Some Jews in Iran feel much like some of their Muslim and Christian compatriots do – that the regime is oppressive and perhaps they can have a better life abroad. For Jews, having Israel to go to is an alternative, to be sure, whereas Muslims and Christians have to find a country that will host them.

But that said, there are many Jews who choose to continue to live in their homeland, Iran, where they are most comfortable despite the shortcomings of the regime – again, much like their Muslim compatriots. Since there isn’t widespread anti-Semitism, at least not of the threatening sort, and since the government is at pains to show its tolerance of all the Abrahamic faiths, I’d say that Jewish life in Iran is challenging, yes, but not as harsh as many might imagine.

It’s telling that many Iranian Jews who live inside Iran travel abroad often enough that they certainly could take advantage of emigrating, and yet they return to Iran.
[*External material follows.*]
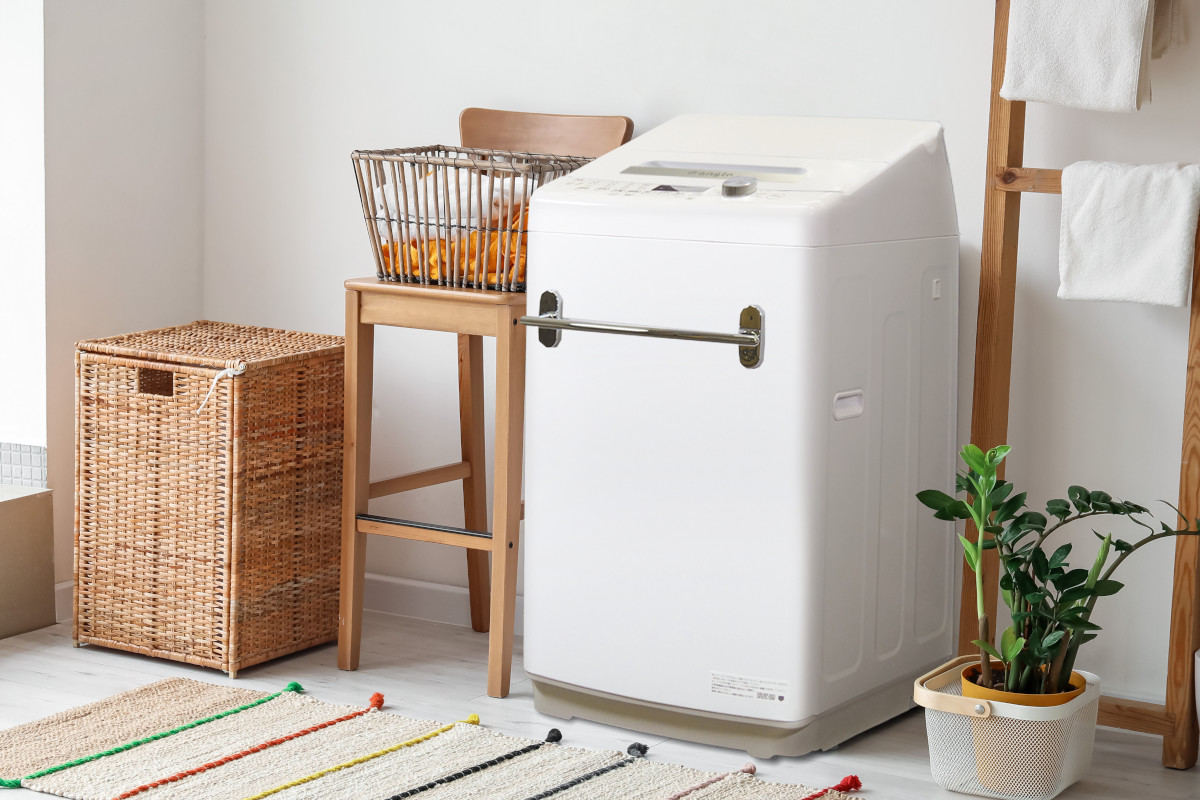 エディオン、スマホアプリで遠隔操作できる7kg縦型洗濯機 | マイナビ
As a non-Jew, I’m not the best person to judge what life is like for an Iranian Jew – I can only describe what I see and hear – but the Jews I’ve met in Iran haven’t seemed as concerned with living under an Islamic regime as one might think they would be.

Perhaps it’s the millennia old roots that Jews have in Iran. Perhaps it’s the fact that Jews have always seemed to have been able to prosper in Iran, own property, businesses, practice their faith, and generally be a part of society, unlike in some Arab countries. But there is a strong Iranian identity that I’ve sensed among Iranian Jews that makes them as nationalistic and prideful as any other Iranian.